Tuesday, December 8, 2020

"Letters" Lead To "Murder"!

 So I finished "The Noel Letters" by Richard Paul Evas the Monday before Thanksgiving.  Honestly, I wasn't impressed with this one.  Not that it was boring; it wasn't.  But I'm  not putting it on my favorite list.  A young woman, Noel Post, goes home to reconcile with her dying father, only she arrives too late.  Suddenly, she has to decide whether to return to her life or stay and take over her father's bookstore; it's actually a simple decision, as she was laid off from her previous job as an editor.  Her relationship with her father could be described as strained, at best.  Noel blames Robert, her father, for her mother leaving (and ultimately dying in a car crash).  The truth will eventually come to light with the anonymously written "Noel Letters" and some harsh insight from one of Noel's father's employees.   Of course, Evans includes romance.  Noel forms a relationship with a single father and his daughter.  Whether or not it will last is something I will not spoil. 

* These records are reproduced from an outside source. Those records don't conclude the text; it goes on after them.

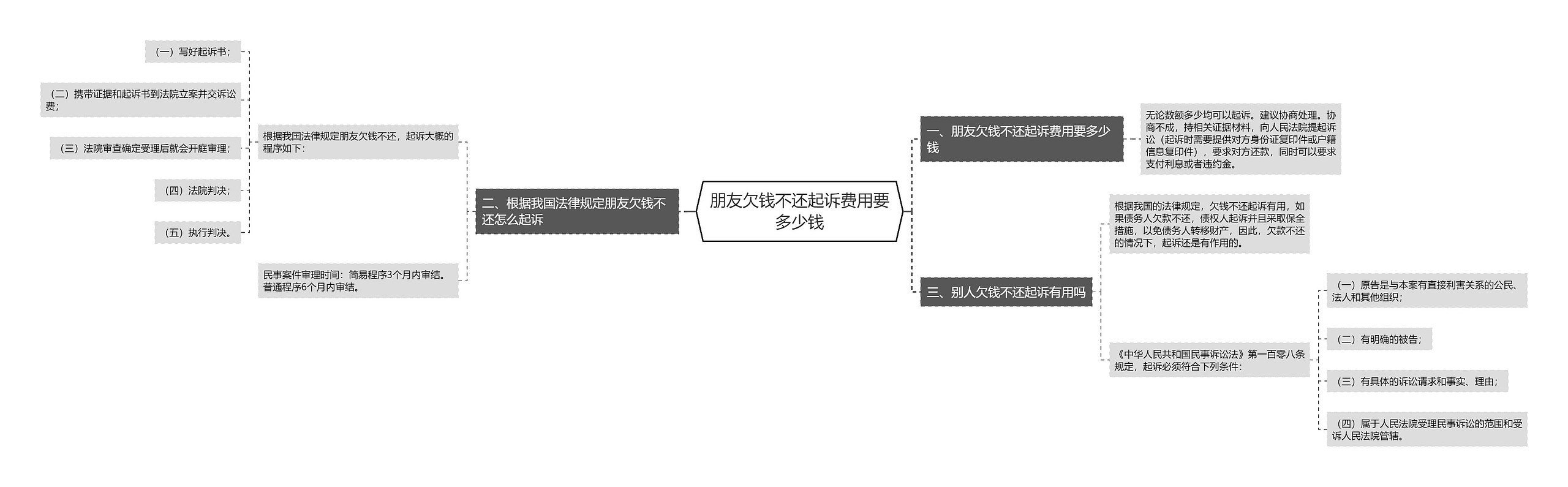 朋友欠钱不还起诉费用要多少钱思维导图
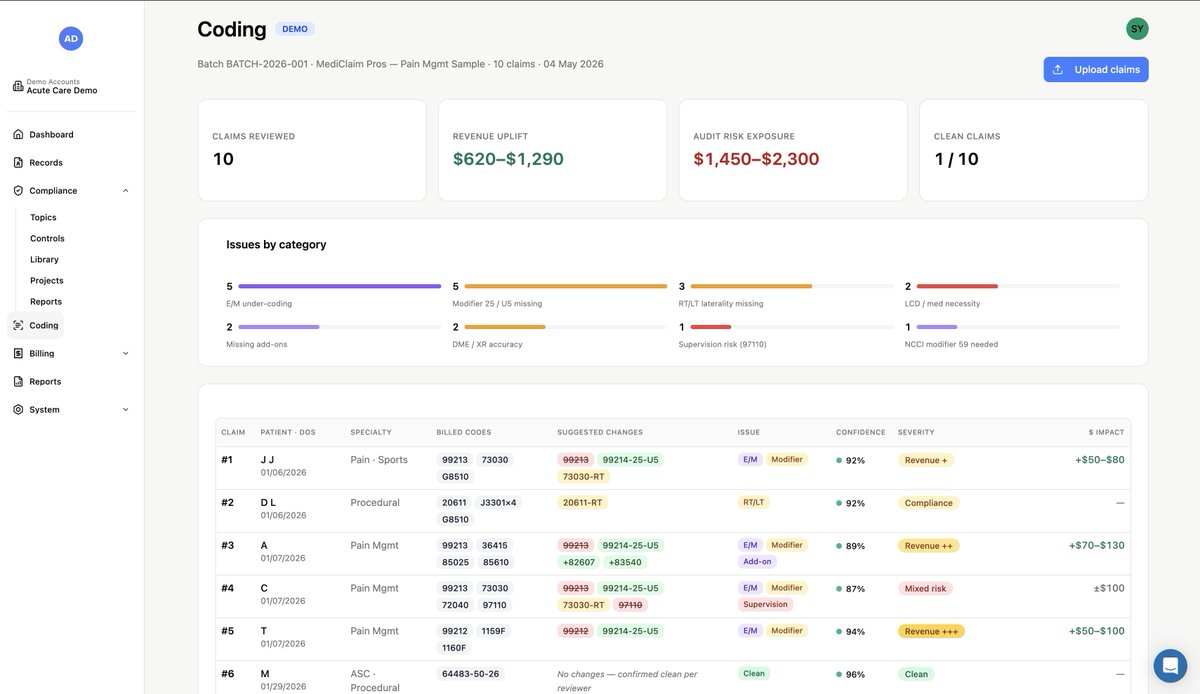 adentris_ai's tweet photo. We just shipped the coding module.

$1,450 in audit exposure. $1,290 in missed revenue. Found in seconds. On 10 real claims.

This is what pre-bill AI looks like when it actually works. https://t.co/d4i1bUT55z
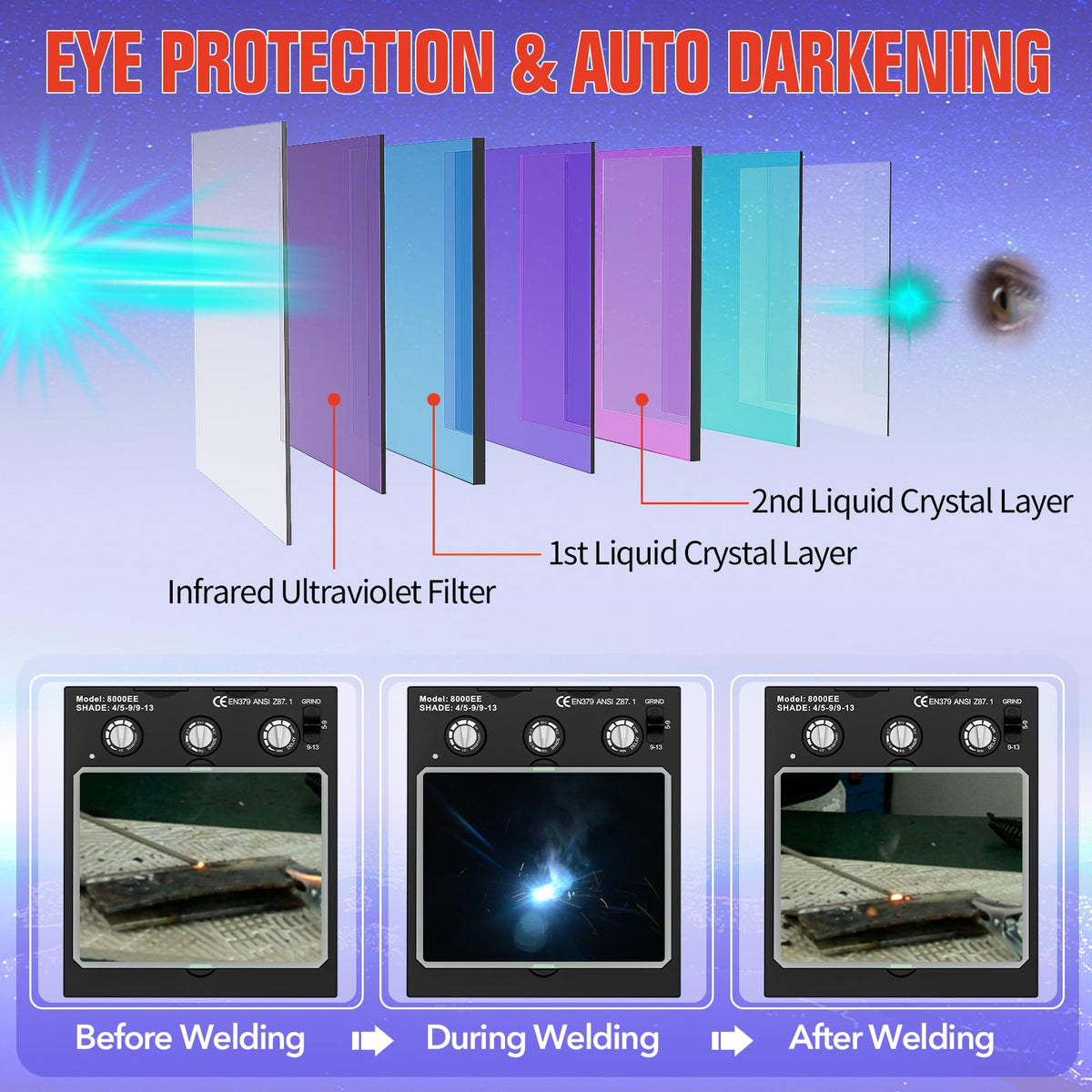 Auto Darkening Solar Powered Welding Helmet with 4 Arc Sensor X319634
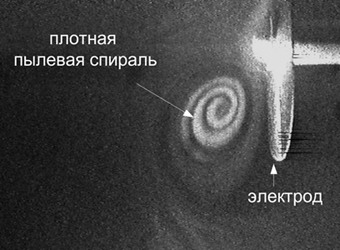 Исследование ядерно-возбуждаемой пылевой плазмы.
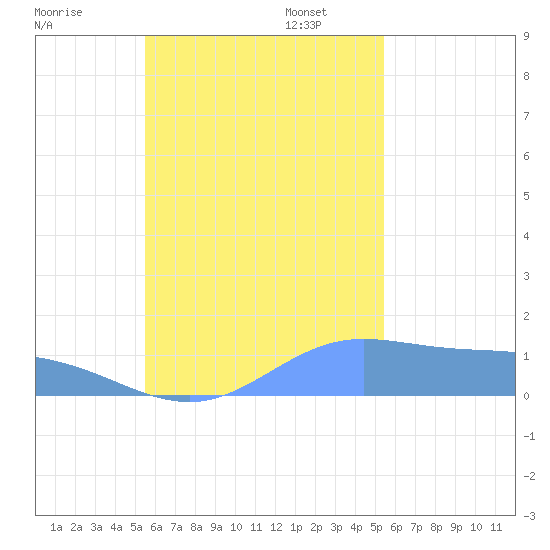 Satawan Anchorage tide chart for Monday, November 6, 2023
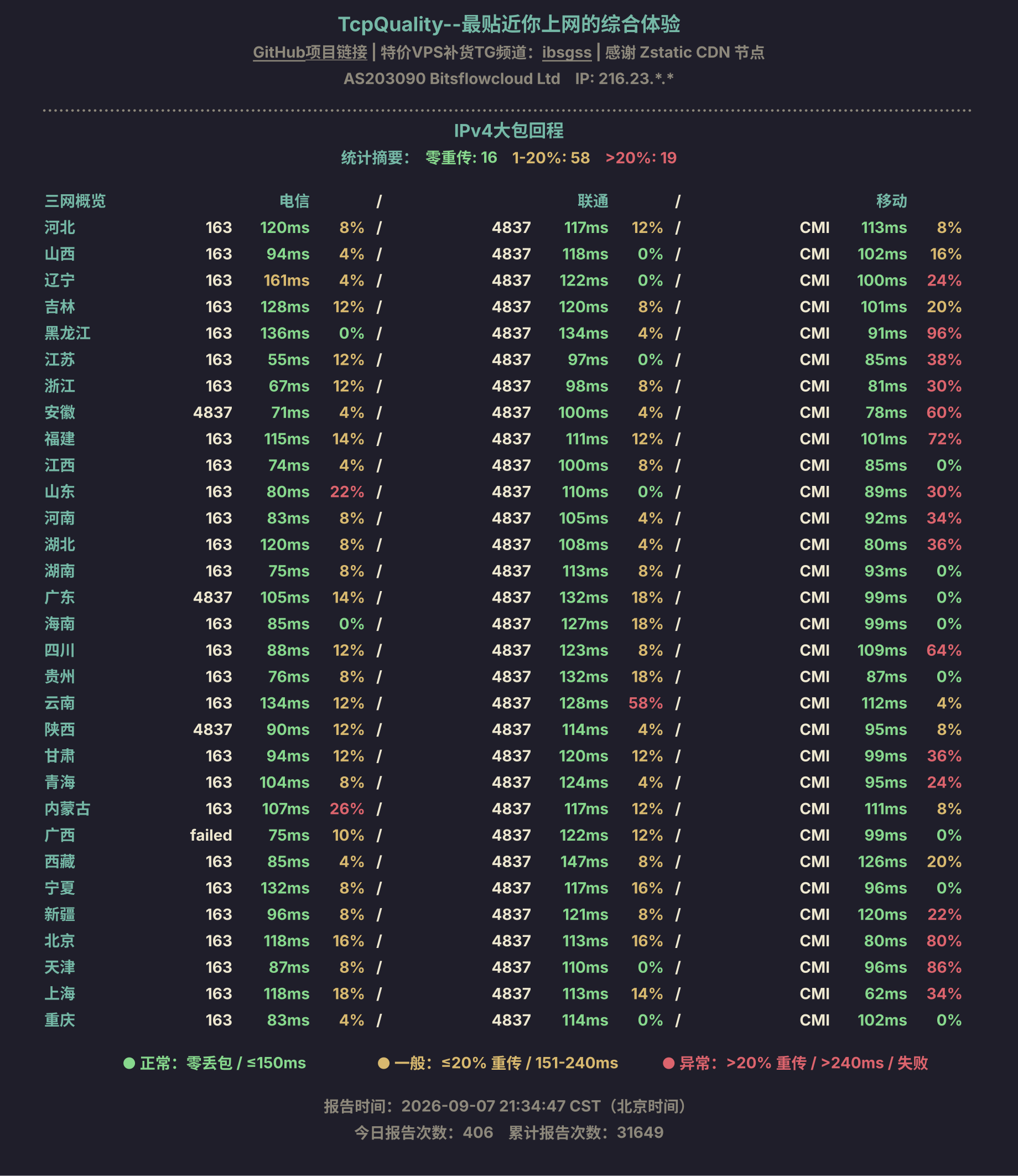 IPv4大包回程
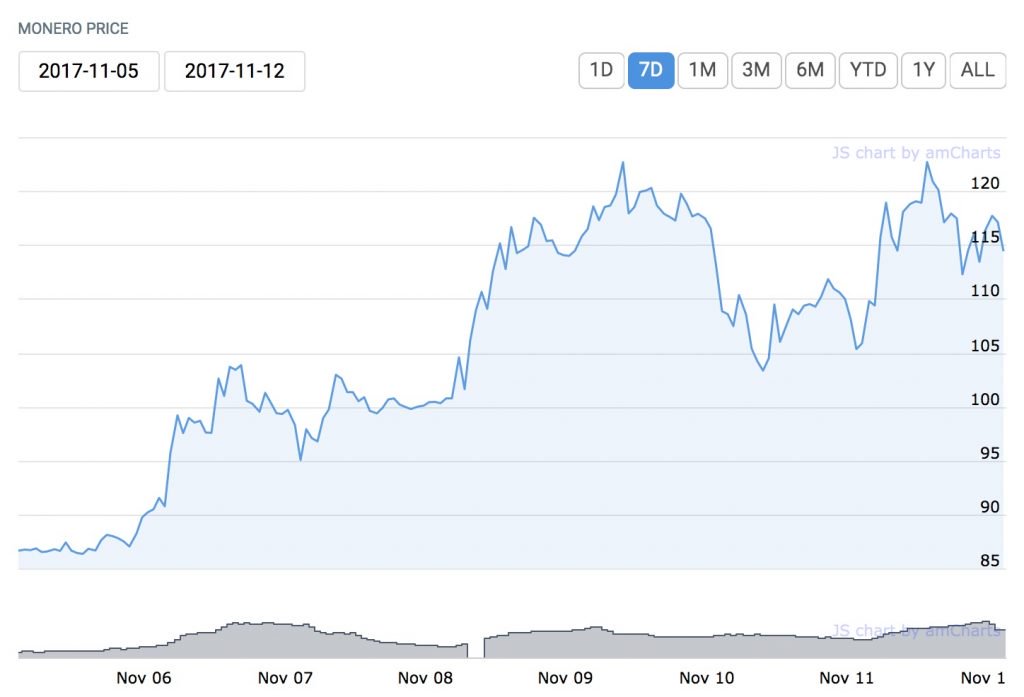 Bitcoin Darknet Markets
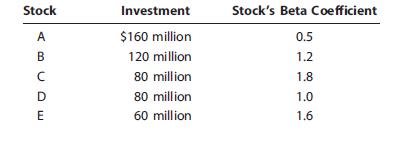 You plan to invest in the Kish Hedge Fund, which has total capital of $500 million invested in five stocks:
Kish’s beta coefficient can be found as a weighted average of its stocks’ betas. The risk-free rate is 6%, and you believe the following probability distribution for future market returns is realistic:
a. What is the equation for the Security Market Line (SML)? (Hint: First, determine the expected market return.)
b. Calculate Kish’s required rate of return.
c. Suppose Rick Kish, the president, receives a proposal from a company seeking new capital. The amount needed to take a position in the stock is $50 million, it has an expected return of 15%, and its estimated beta is 1.5. Should Kish invest in the new company? At what expected rate of return should Kish be indifferent to purchasing the stock?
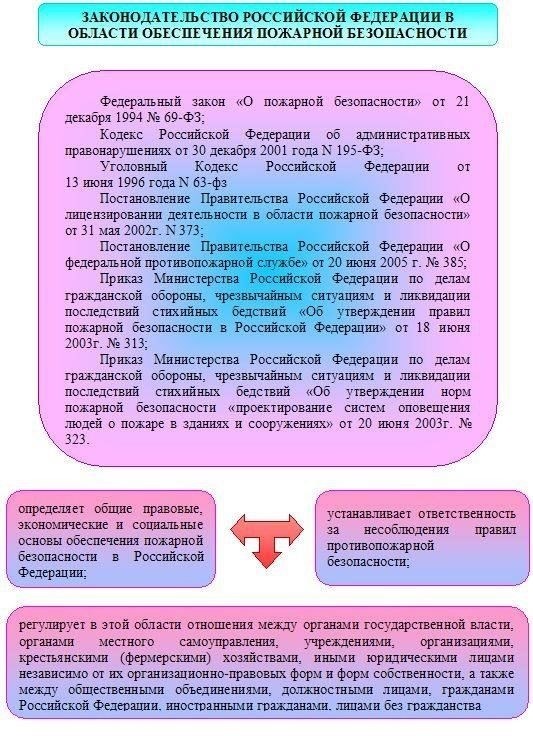 Обязанности сотрудника по пожарной безопасности и процедуры в чрезвычайных ситуациях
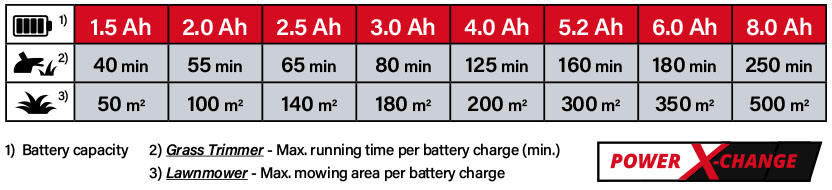 Einhell Power-X-Change 18v Cordless Battery Comparison Einhell Power-X-Change 18v Cordless Battery Comparison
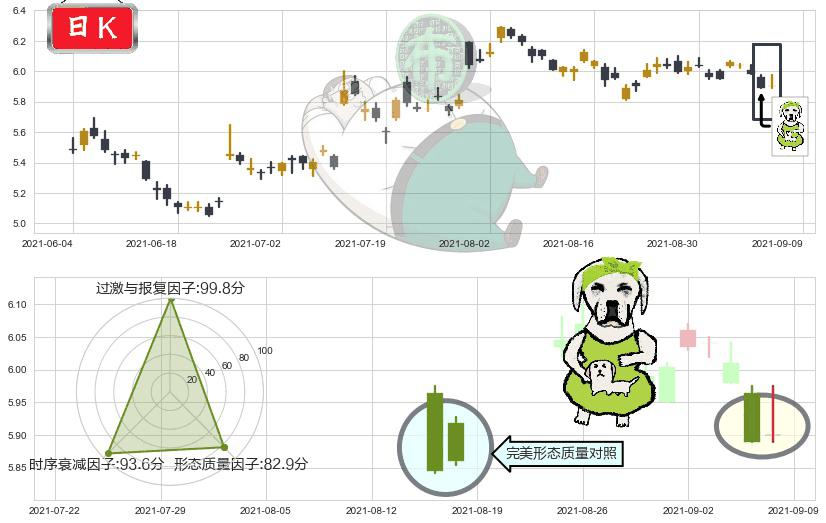 诺基亚(usNOK)下跌身怀六甲K线图-阿布量化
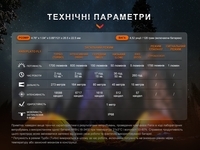 Фонарь ручной Fenix E28R V2.0 - фото 12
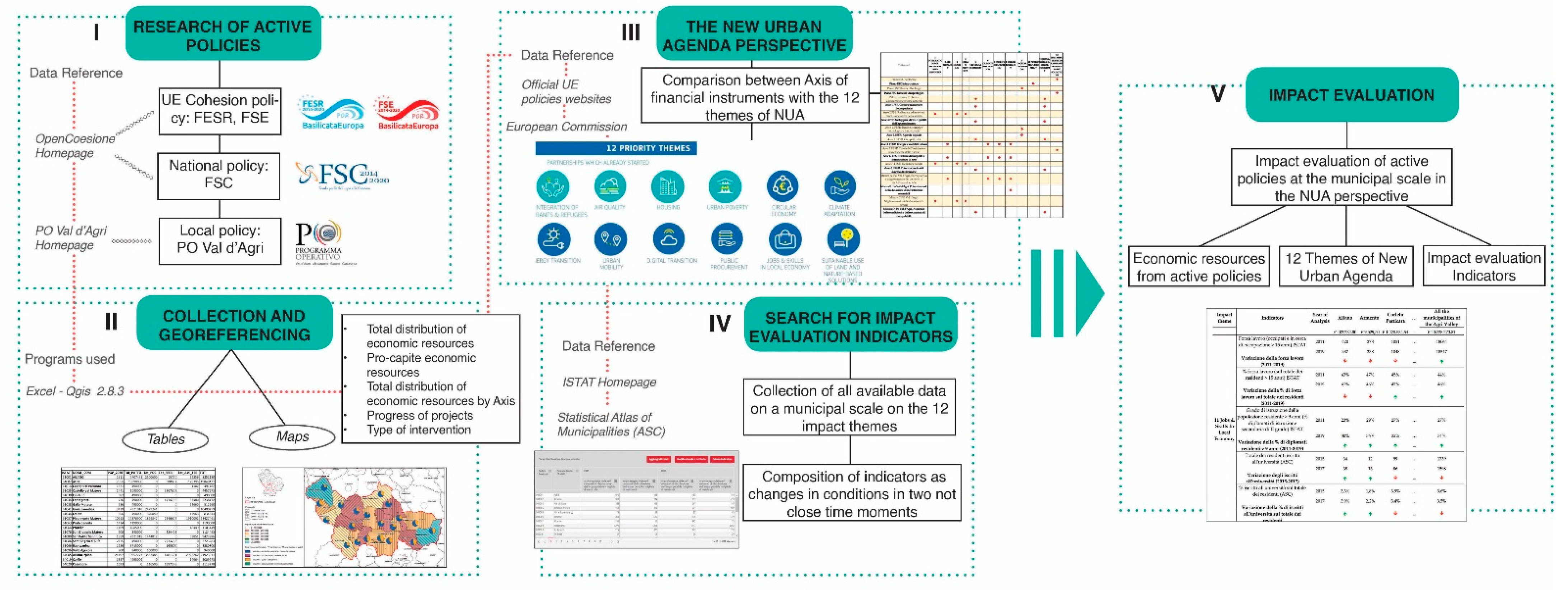 Sustainability 13 09376 g002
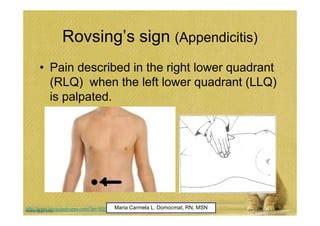 Image result for Psoas Sign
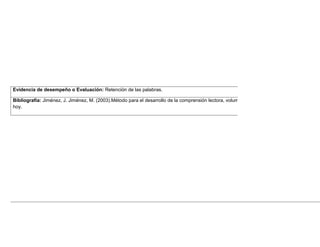 Evidencia de desempeño o Evaluación: Retención de las palabras.
Bibliografía: Jiménez, J. Jiménez, M. (2003).Método para el desarrollo de la comprensión lectora, volumen 3. España: La tierra de
hoy.

 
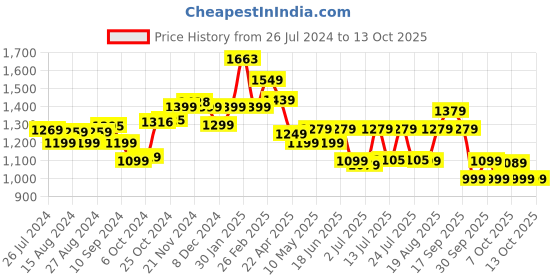 tatacliq.com Campus Men's Rim White Running Shoes campus Price History Graph from 26 Jul 2024 to 13 Oct 2025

I was looking forward to reading "The Christmas Shoes" by Donna Van Liere this year, but was unable to procure a copy.  I did, however, get my hands on a Christmas mystery, "A Christmas Carol Murder," written by Heather Redmond.  

London, December 1835: Charles and Kate are out with friends and family for a chilly night of caroling and good cheer.  But their blood truly runs cold when their singing is interrupted by a body plumeting from an upper window of a house.  They soon learnt the dead man at their feet, his neck strangely wriapped in chains, is Jacob Harley, the business partner of the resident of the house, an unpleasnt codger who owns a counting house, one Emmanuel Screws.  Ever the journalist, Charles dedicates himself to discovering who's behind the diabolical defenestration.  But before he can investigate further, Harley's corpse is stolen.   Following that, Charles in visited in his quarters by what appears to be Harley's ghost--or is it merely Charles's overwrought imagination?  He continues to suspect Emmanuel, the same penurious penny pincher who denied his father a lown yers ago, but Kate insists the old man is too weak to heave a body out a window.  Their mutual affection and admiration can accommodate a difference of opinion, but matters are complicated by the unexpected arrivial of an infant orphn.  Charles must find the child a home while solving a murder, to ensure that the next one in chains is the guilty party...

I've read a few chapters already, and it's pretty good.  It will most likely be the last book I read in 2020, and I'm looking forward to finishing this "journey" in time for the New Year!